**What to do**
Write back, word for word, the lines from the one containing "الأستاذ إبراهيم حجاج" to the end of the listing below. Include nothing else, and no pictures.

**Source data**

* * * * * * *

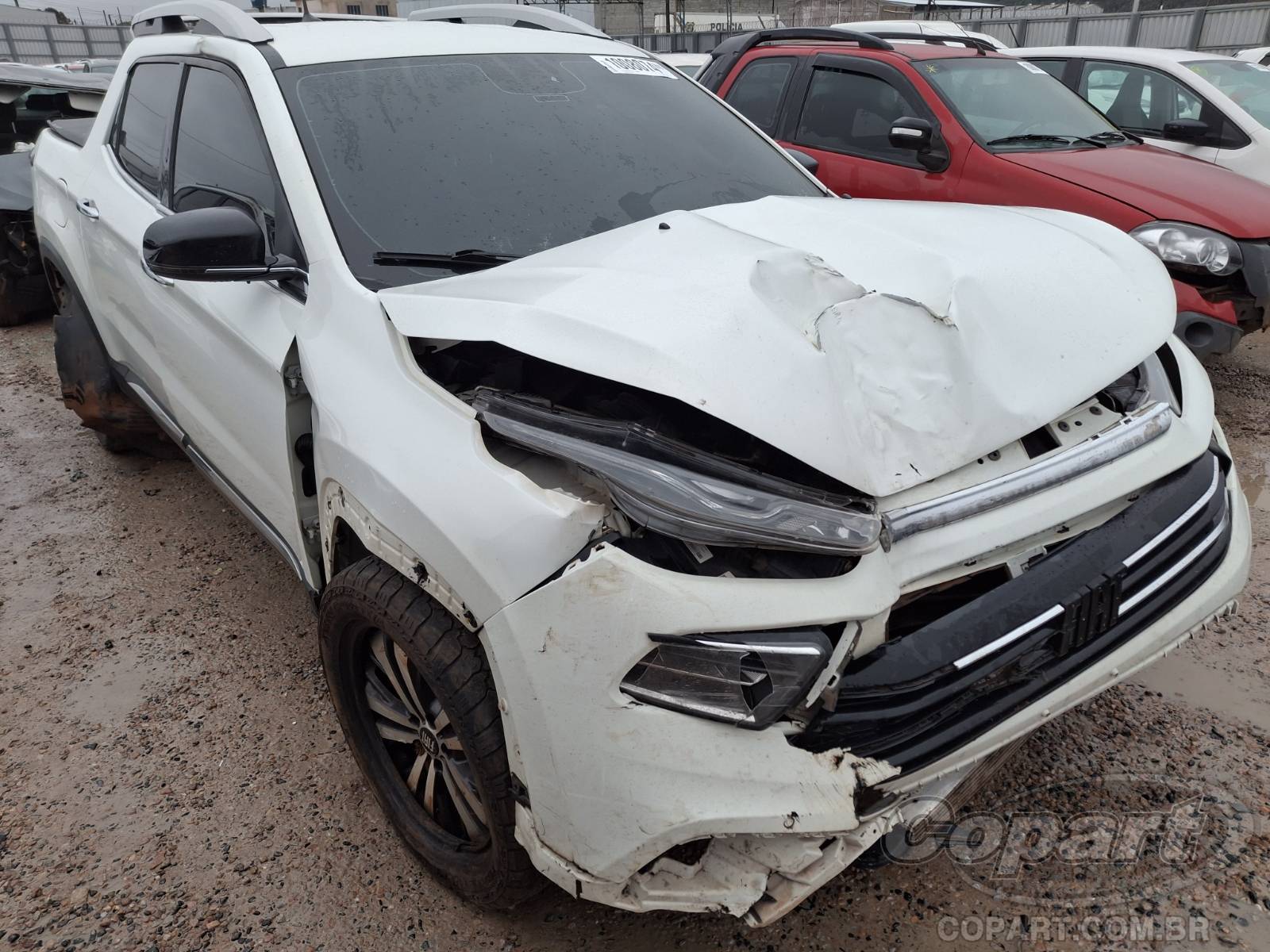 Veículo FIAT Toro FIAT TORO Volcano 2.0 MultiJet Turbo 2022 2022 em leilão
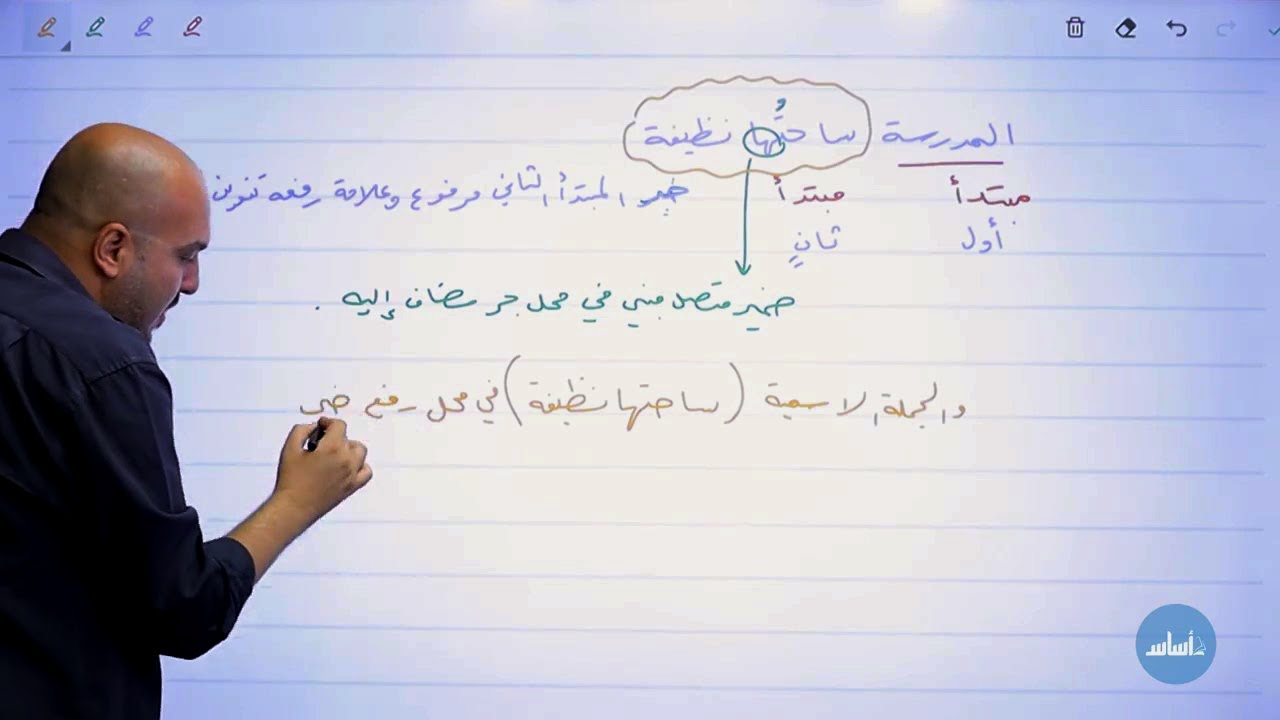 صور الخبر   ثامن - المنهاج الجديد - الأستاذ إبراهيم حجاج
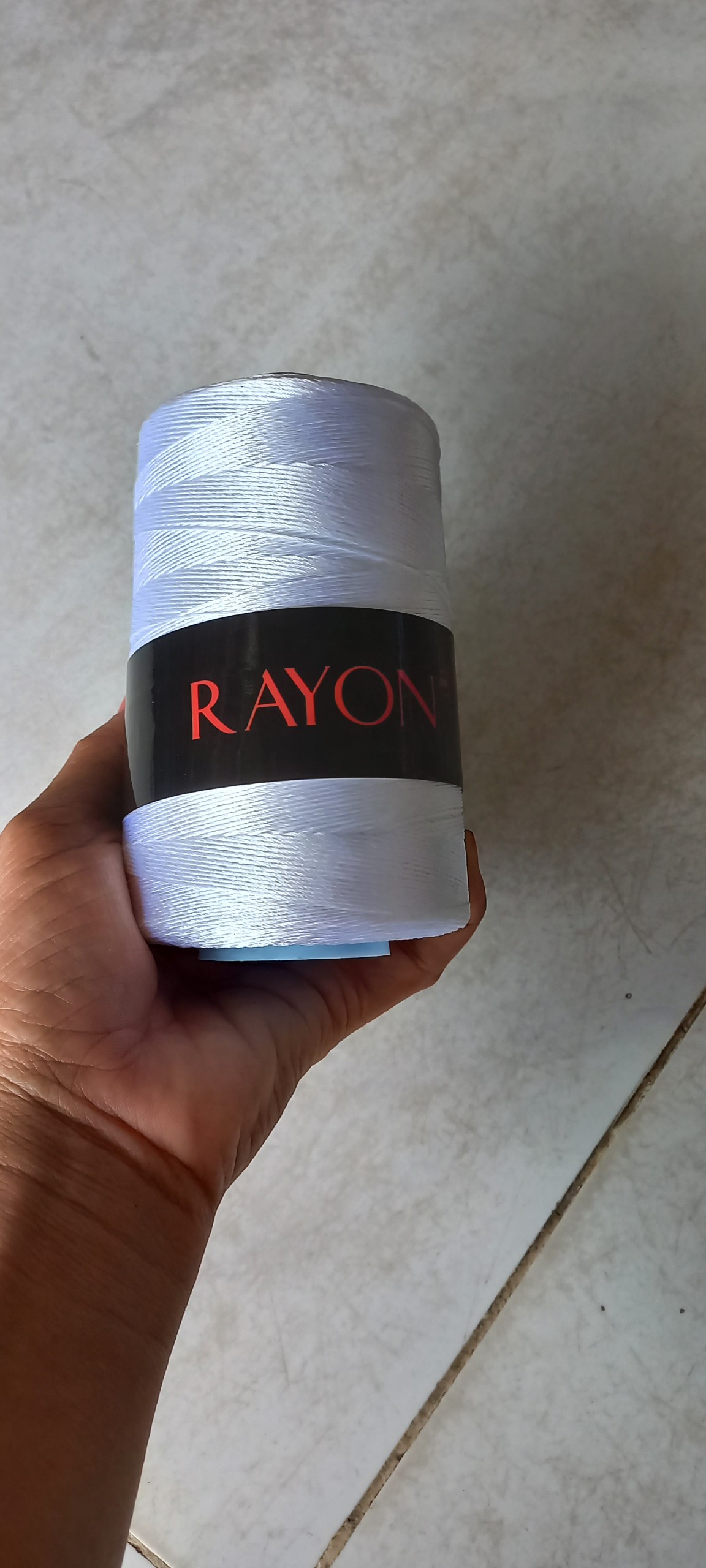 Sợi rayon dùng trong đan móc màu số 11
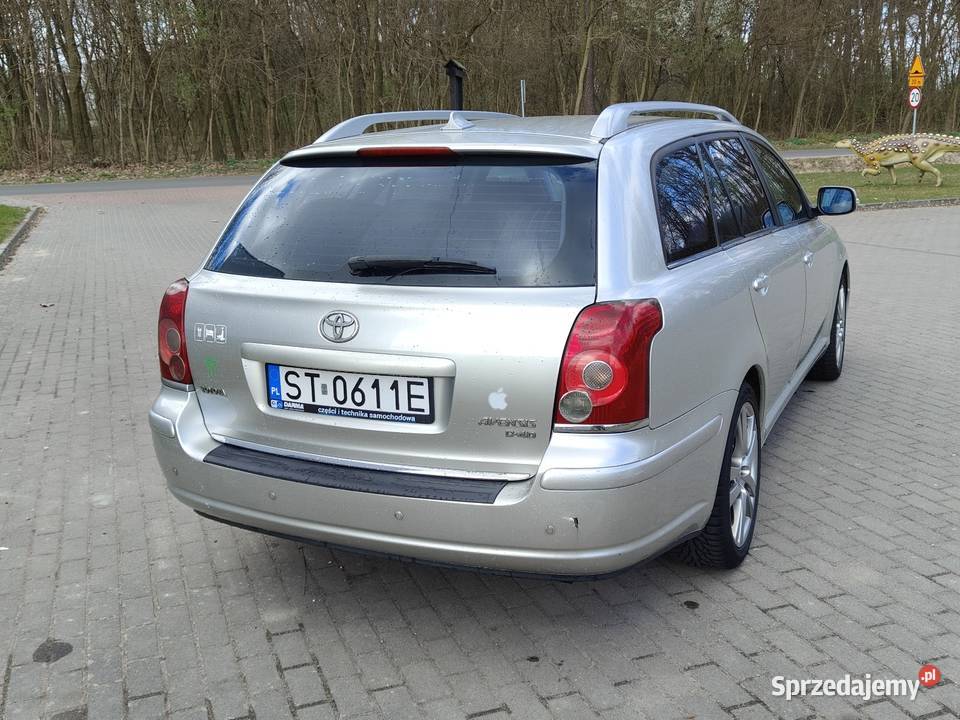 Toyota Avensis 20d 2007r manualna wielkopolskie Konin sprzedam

* * * * * * *

**Exercise result**
 صور الخبر   ثامن - المنهاج الجديد - الأستاذ إبراهيم حجاج
 Sợi rayon dùng trong đan móc màu số 11
 Toyota Avensis 20d 2007r manualna wielkopolskie Konin sprzedam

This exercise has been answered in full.